Do you have the contact info of the guy in the mid-west that put one of these on a Fire engine? I think I still have his email. From what I read and from a few emails back and forth, I would bet he's very sharp on these.

Looks like he's a member here: member "AN/TVS-3", appropriately. But he's not been on since Dec 2009. Here's the web page

http://www.brettpeabody.com/

Here's a thread he posted in:

http://www.candlepowerforums.com/vb/showthread.php?249476-20KW-Xenon-Searchlight

Too bad I'm 230 miles distant! It would be a fun project to participate in.


----------



## nealitc (Nov 25, 2012)

Thx! "AN/TVS-3" is actually the other guy interested in parts of the same lot, we're connecting by email.
Only 230mi away? You might see it...


----------



## BVH (Nov 25, 2012)

Yea, just let me know what night you're going to fire it up so I can walk outside and look up! Pick a moonless night, though.

Good luck!


----------



## PCC (Nov 25, 2012)

BVH said:


> Yea, just let me know what night you're going to fire it up so I can walk outside and look up! Pick a moonless night, though.
> 
> Good luck!



Definitely let us know when you fire it up. I'm in Daly City near the coast so I'll probably be able to see it from my living room. The front of my house faces SF.


----------



## get-lit (Nov 30, 2012)

Wow that would be pretty sick at burning man! Must. Take. Pics.


----------



## nealitc (Jan 6, 2013)

An update on the TVS-3 project: Hope to have one from the first batch lit up in 2 weeks, and cook the first batch of 20kW searchlight chicken! ("Look, up in the sky! The bat-signal! No, its turning chickens? WTF?")

Its been an exercise in education, research (thanks to member AN/TVS-3 for invaluable documentation) and cleaning corrosion and rodent nests.

Got the collection into a warehouse and dug in: 10 lights, 3 15kW 400Hz gensets (SP-HF-15) and a pile of spares.

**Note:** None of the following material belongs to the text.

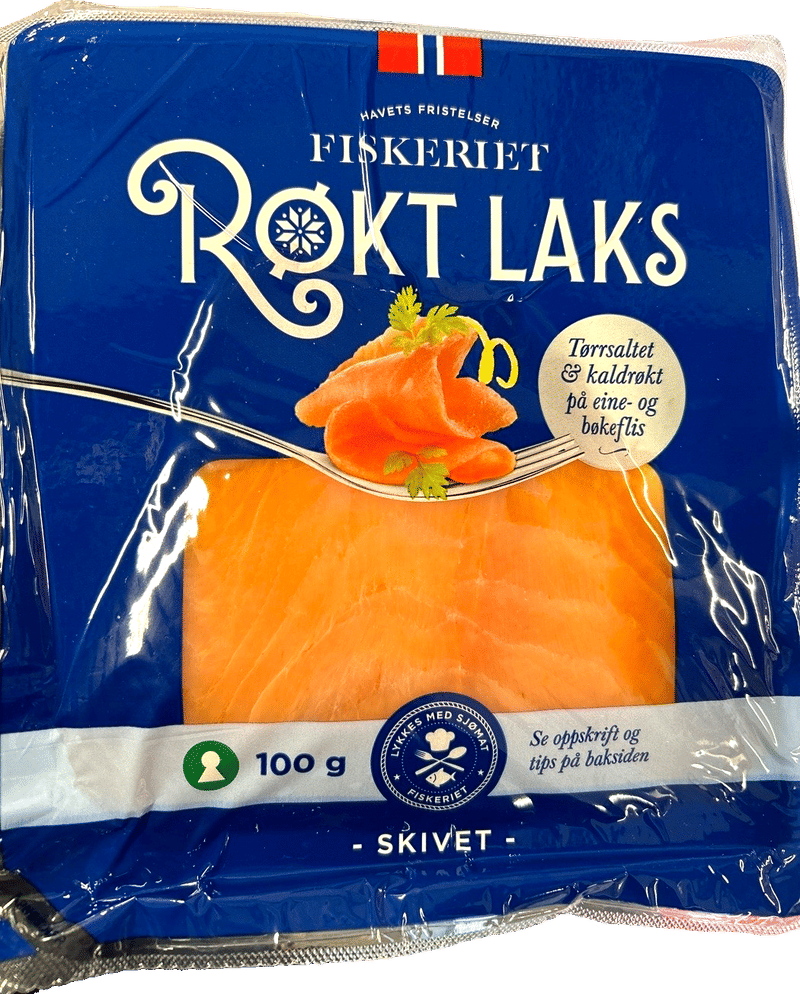 Røkt laks 100g Fiskeriet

All of it rough and weathered, 8 of the lights had been vandalized by copper thieves, a lot of the spares in original kits which had leaked coolant cans or been wet, so some serious corrosion. Most of the extra bulbs in the lot were used or prototypes, as if they were on the shelf in a repair depot.

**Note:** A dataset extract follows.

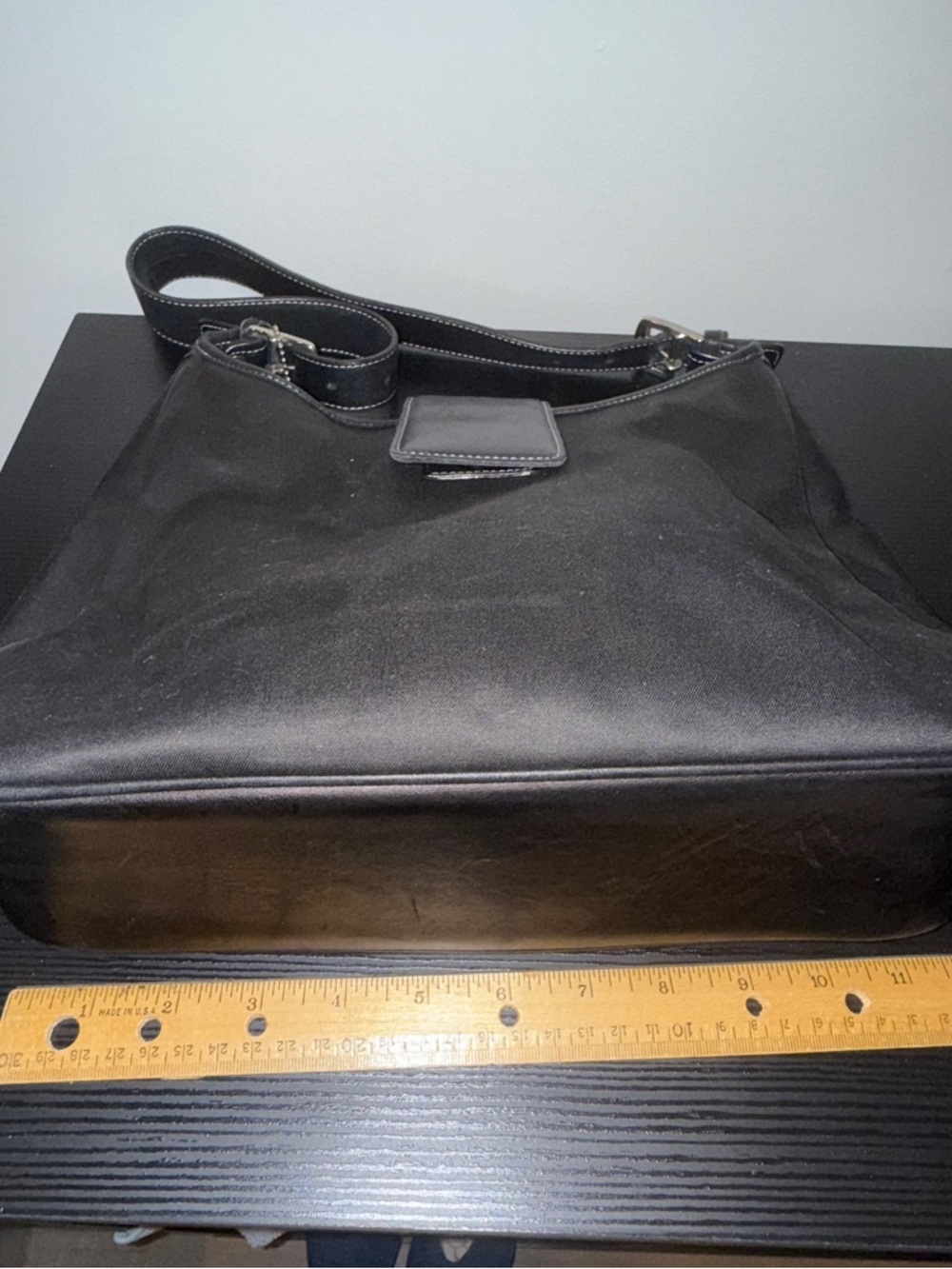 Coach Black Shoulder Bag with Leather Accent - Picture 5 of 13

Starting on the 3 gensets. Only 50hrs of run time, 25 years of sitting in a field. Complete reconditioning, old coolant was thick mud, finding filters has been a challenge, hope I don't need parts (Hercules 198ER diesels, no longer made, local diesel shop laughed at me). Should be ready to restart the first one in another week.

2 lights are complete, cleaning radiators and cooling systems, will be working on testing dielectric coolants, incorporating a filtration system, then (very carefully) cleaning bulbs and removing corrosion from reflectors (I love HCl, but for these I'll use a chelating gel).

Expect that we'll get 6 of the 10 lights running with parts we have. Issue is replacing vandalized cables (from the base transformer to the rectifiers), 4/0 but made from 40AWG(!) stranding, stainless mesh over rubber over asbestos. Will evaluate if Class M welding cable with some extra sheathing will work, need to check bend radius. The remaining 4 cannibalized lights I intend sell to military collectors, first design an adapter for some other commercial (or VSS-3) bulb so they can have a working light, not 20kW but still bright, without the 400Hz and coolant headache. (That is unless one of y'all wants them.)


----------



## BVH (Jan 6, 2013)

If you end up needing more lamps and simply cannot find any, I know who will make you some. No idea of cost but it would be a source. Local to you also. Advanced Radiation Corp in Santa Clara. Working on my 3rd (quantity of 1 each time) custom lamp now from them.


----------



## nealitc (Jan 7, 2013)

BVH said:


> If you end up needing more lamps and simply cannot find any, I know who will make you some. No idea of cost but it would be a source. Local to you also. Advanced Radiation Corp in Santa Clara. Working on my 3rd (quantity of 1 each time) custom lamp now from them.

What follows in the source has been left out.